2018-03-10

Hamming numbers

Searching for Ada and coroutines I've stumbled on this news thread. They are talking about generators, among the other things. Paul Rubin shows how expressive and concise Haskell can be.

The code he shows computes Hamming numbers in few lines of elegant code (this should be an implementation of Dijkstra's algorithm). Here's the code:

hamming = 1 : m 2 `merge` m 3 `merge` m 5 where
  m k = map (k *) hamming

xxs@(x:xs) `merge` yys@(y:ys) = case x `compare` y of
  LT -> x : (xs `merge` yys)
  EQ -> x : (xs `merge` ys)
  GT -> y : (xxs `merge` ys)

main = print (hamming !! 1499)

Anyway, Paul Rubin states:

I remember doing it in C++ and it was a page or so of ugly code.

I wonder why it should be so. But I'm too lazy to make my own attempt, so I've checked on Rosetta Code, because it's the typical task you can find there.

On the task page Hamming numbers you can see a possible solution in C++ and alternative solutions in Haskell, and other languages. The first Haskell implementation is the “classic version”, the one given by Rubin too, but other algorithms exist and they could be a better fit for other languages.

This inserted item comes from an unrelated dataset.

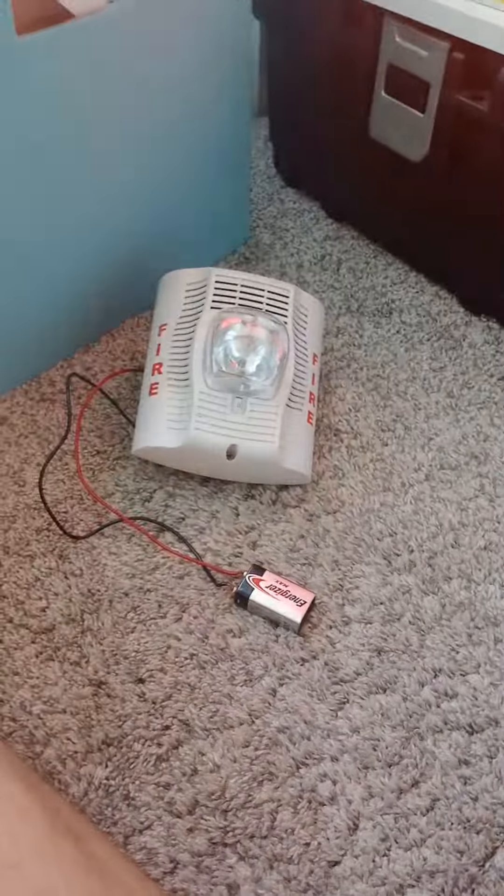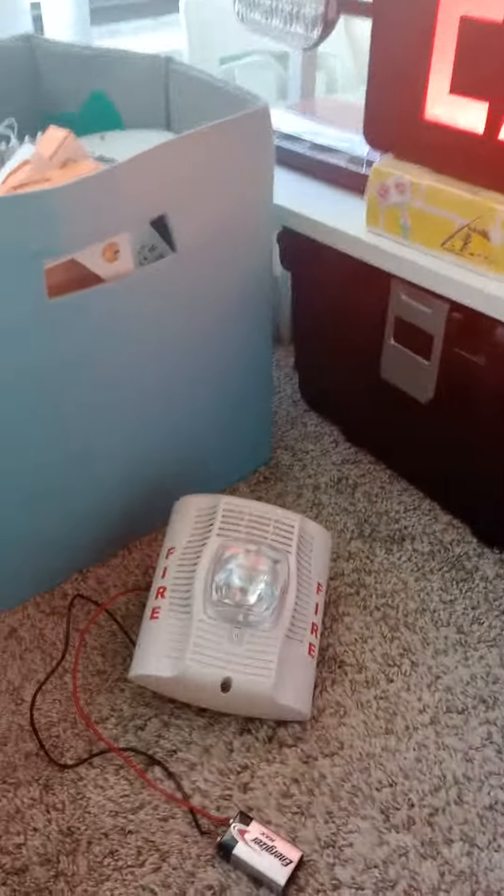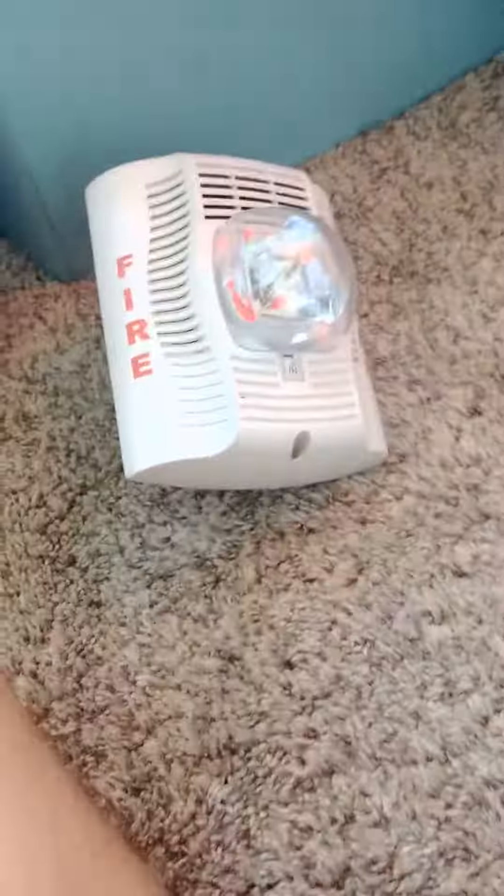Oh, this speaker — the strobe doesn't turn on. Now it's too confusing. And as you can see, the strobe is on. You guys are going to see the strobe, but the strobe does a click. Look at it. Now I have to shut that off. And I'm going ahead and wire the alarm. And that is a review about the System Sensor SPSW Fire Alarm.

Disregarding which algorithm is used in the first implementation, C++ isn't so bad; but the C++ solution which is allegedly a translation of one of the given Haskell solutions is, in fact, very much longer and less expressive than Haskell solution. Maybe because of the implementation of the LazyList, something which Haskell has natively.

There are other languages which have nice and/or not so long implementation, or just more interesting/efficient algorithms; e.g., for reasons I don't always explain:

  • AWK, this procedural language shows that Haskell's “elegance” is show off which fits Dijkstra's algorithm1… The computation of 1691 (and hence 1499) isn't a problem with a different approach, though it is indeed slower (0.031s of real time). The same idea is used also in bc, and it can be used in other procedural languages resulting in concise code.
  • Clojure, which implements Dijkstra's merge solution, to be compared to Haskell.
  • Go section has a “Low Memory Use Enumerating Version Eliminating Duplicates” implementation, which translates Haskell implementing lazy lists as in the C++ case, but it has also a “Fast imperative version avoiding duplicates, reducing memory, and using logarithmic representation” solution.
  • Julia, interesting…
  • Octave as Julia: interesting2.
  • Oz (an underestimated and mostly unknown language).
  • Perl6
  • Racket
  • Ruby, slow but nice.
  • Tcl the slow version uses coroutines…

Ada isn't among those languages that shine for conciseness or expressiveness, that's for sure, and it is also slow (I've interrupted the computation for 1691 — AWK did it…) Likely a better implementation is possible.


  1. It is made clear also in the Wikipedia page: Dijkstra's “algorithm is often used to demonstrate the power of a lazy functional programming language”. Hence, of course non-lazy, non-functional language can't implement this algorithm as well as functional lazy language. (Or just functional: I think the lazy part affects efficiency, not expressiveness.)

  2. I think the same idea can be implemented in Fortran.